Below is a selection of key references that document the development, analysis, and application of WSD schedules and their variants:

Topic/Concept	Reference
Basic WSD definition, training dynamics	(Hu et al., 9 Apr 2024, Wen et al., 7 Oct 2024)
Theoretical convergence, suboptimality bounds	(Schaipp et al., 31 Jan 2025)
D2Z (linear decay-to-zero) efficiency in LLMs	(Bergsma et al., 21 Feb 2025)
Gradient warmup necessity and regimes	(Kalra et al., 13 Jun 2024)
Knowledge gain/mapping condition adaptation	(Hosseini et al., 2020)
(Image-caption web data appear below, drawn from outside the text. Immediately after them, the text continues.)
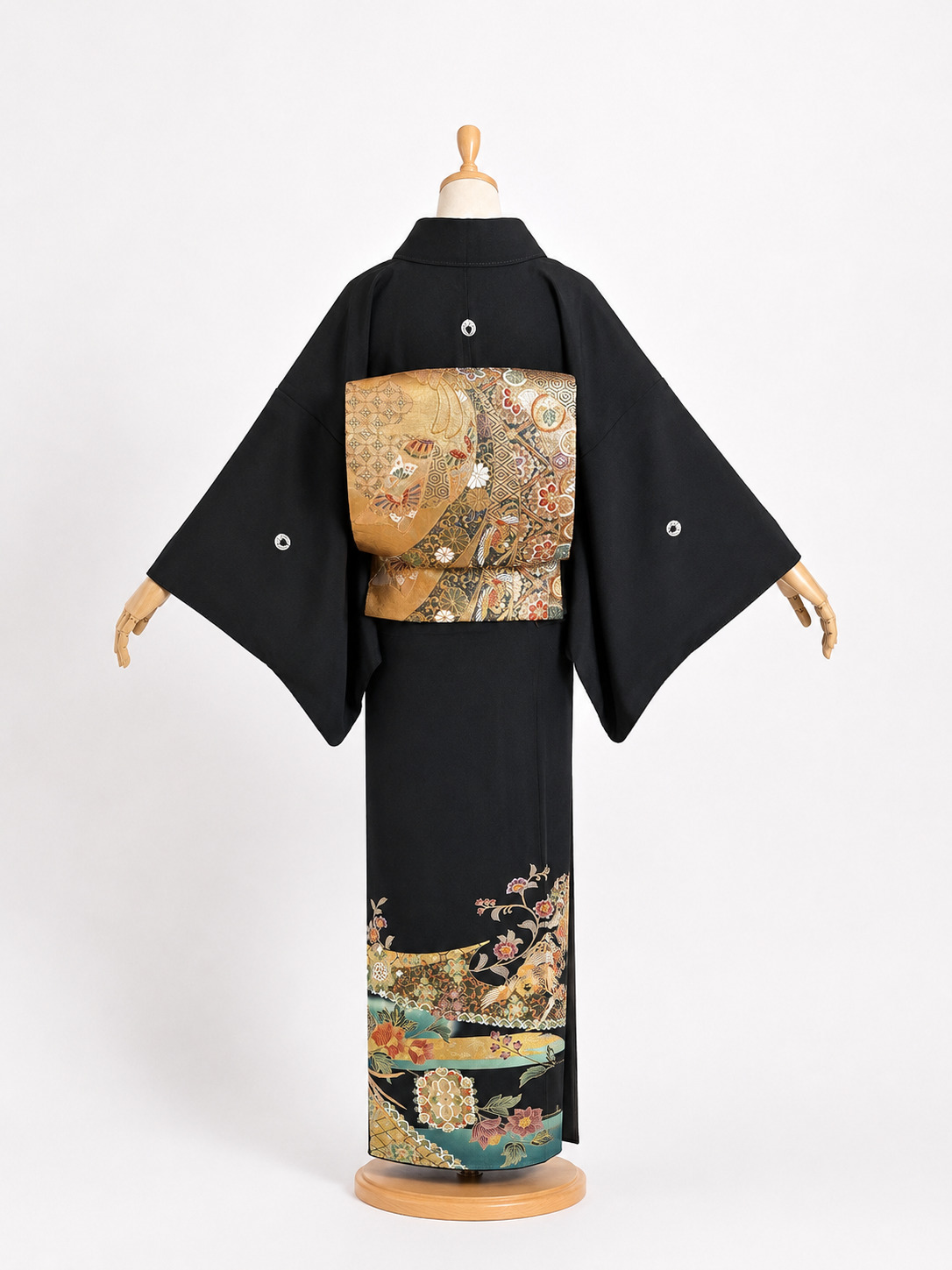 黒留袖 - Kimono Hana Kokoro
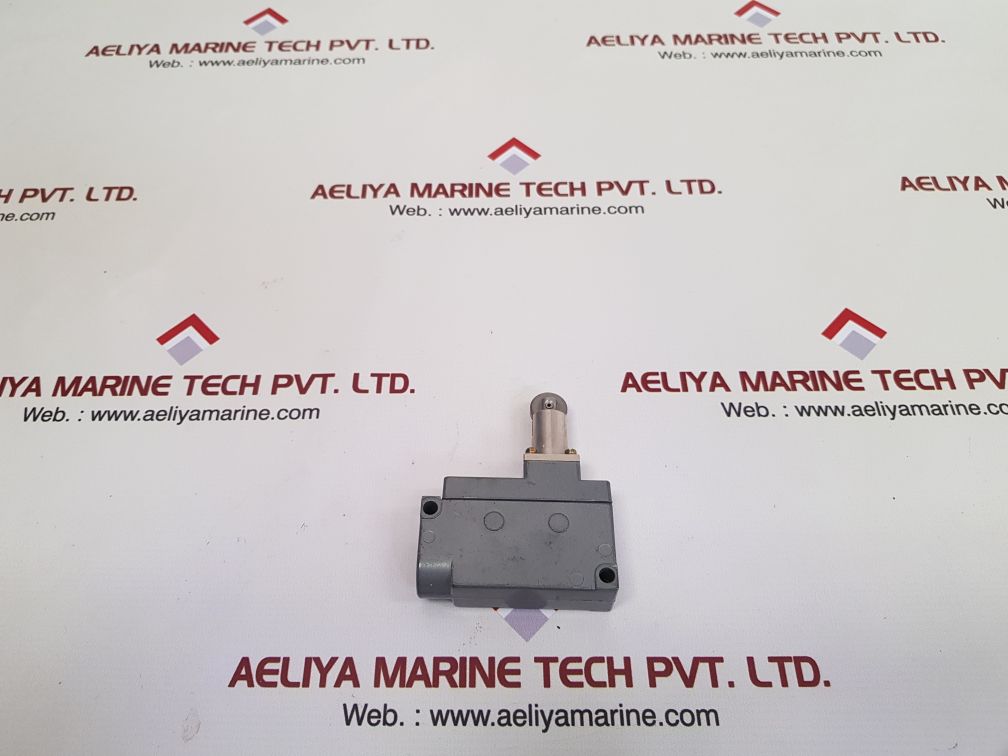 Honeywell dte7-2rqn8-c limit switch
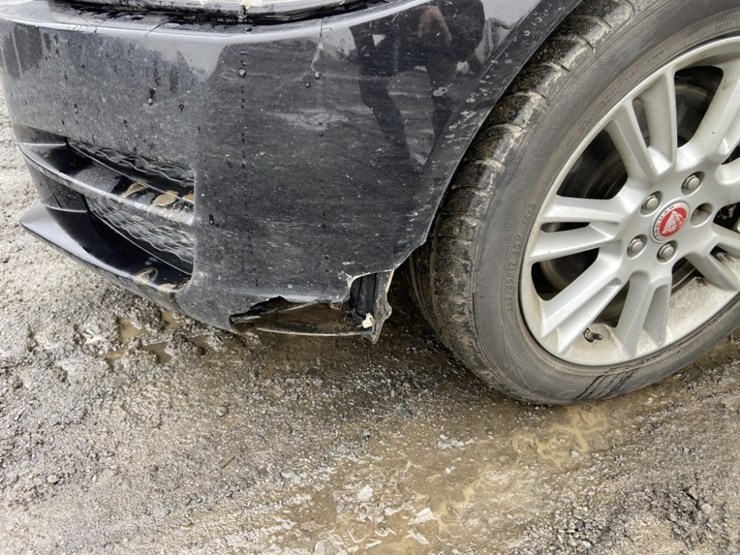 2017-jaguar-xe-25t-sedan-image-41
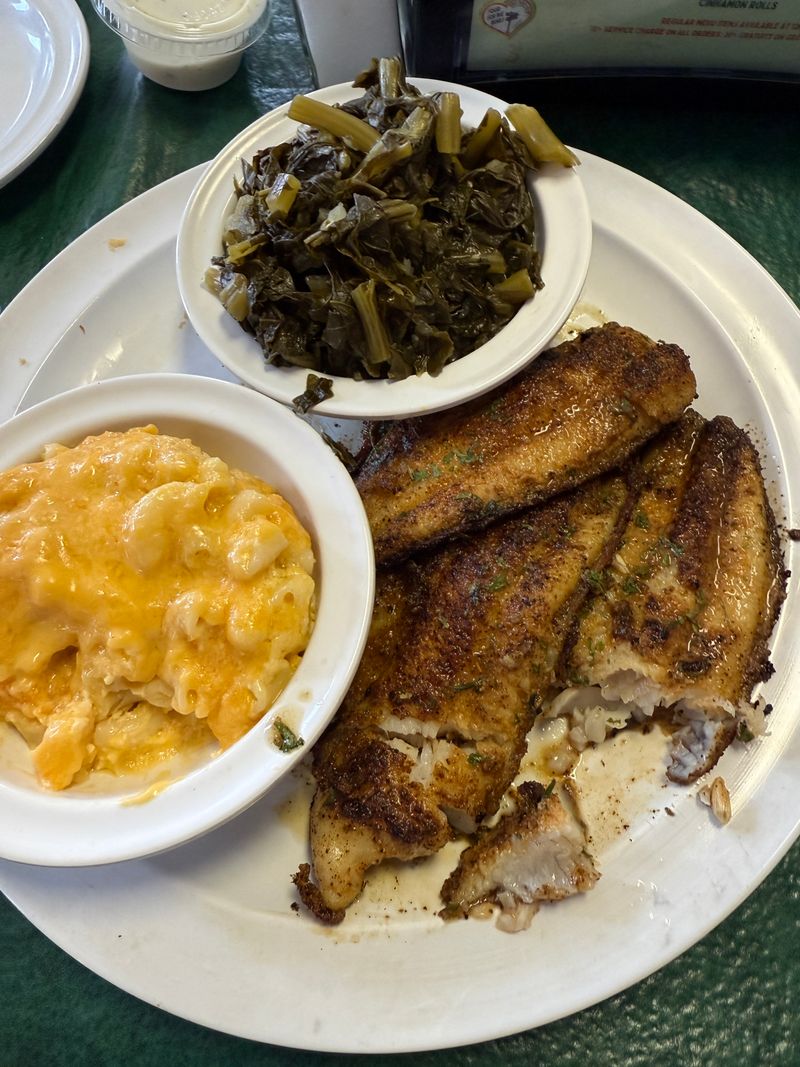 The Four Way Soul Food Restaurant - Memphis, Tennessee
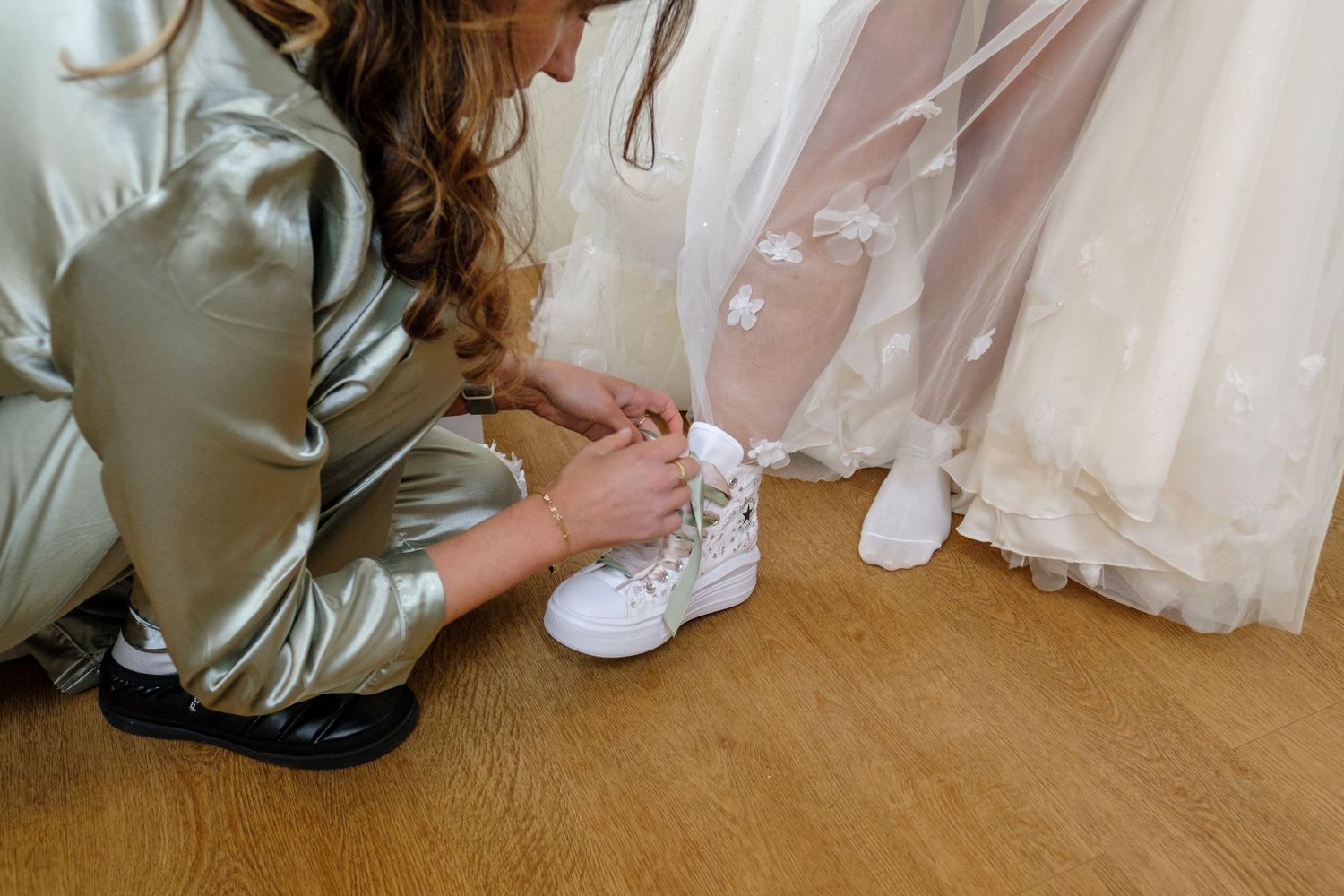 Minstrel Court Cambridge Wedding by Norfolk Wedding Photographer Chris Loneragan.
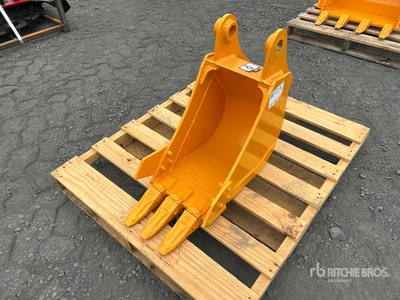 2026 GIYI 12 in Digging Excavator Bucket - Fits Cat 305 (Unused)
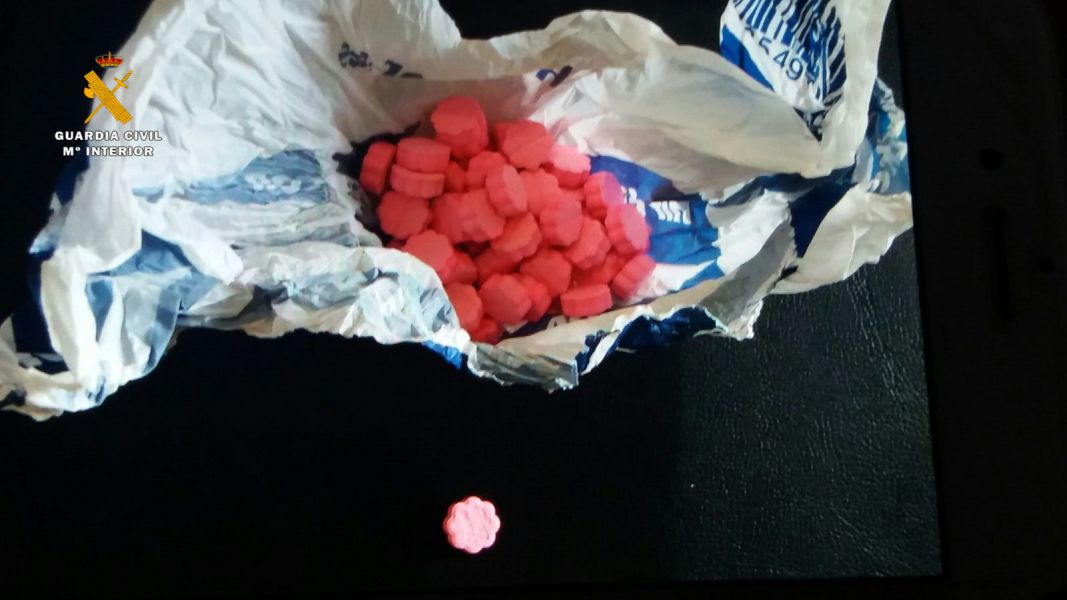 La Guardia Civil detiene a un varón por tráfico de 'éxtasis' con holograma de “Chupa Chups”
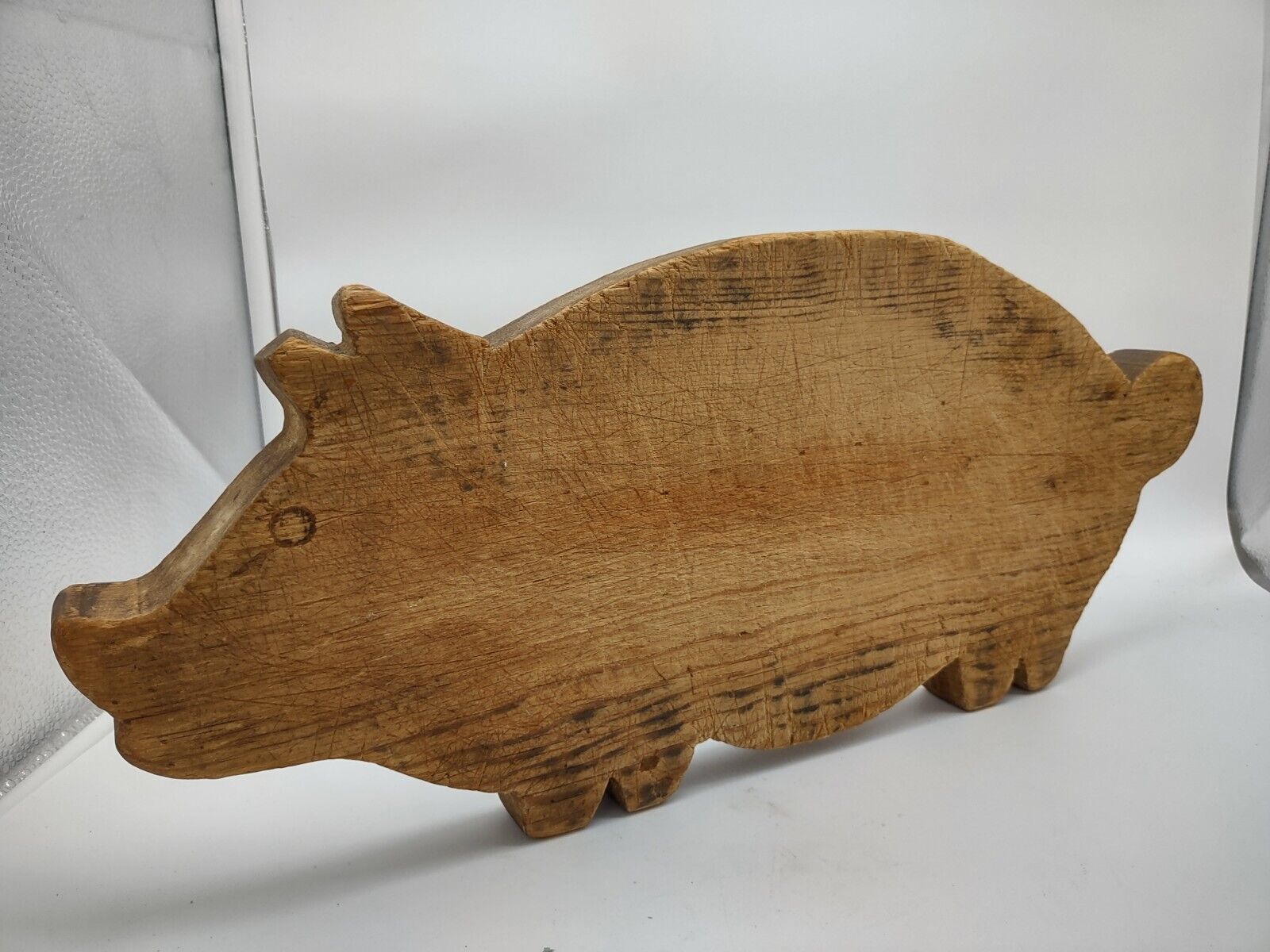VTG Rustic Wood Pig Cutting Chop Board 1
Scheduled weight decay synergy	(Xie et al., 2020)
River valley/Mpemba thermodynamic analogy	(Liu et al., 6 Jul 2025, Wen et al., 7 Oct 2024)
Power-law prediction of losses across LRS	(Luo et al., 17 Mar 2025)
Robust phase and schedule optimization	(Gupta et al., 2023, Kim et al., 2021)
Speech-to-text warmup schedule comparison	(Gaido et al., 29 May 2025)
Gradient transformation during stable phases	(Wang et al., 30 May 2025)

An understanding and appropriate application of WSD schedules is now considered essential in designing robust, efficient pretraining and fine-tuning pipelines for LLMs and deep networks more broadly.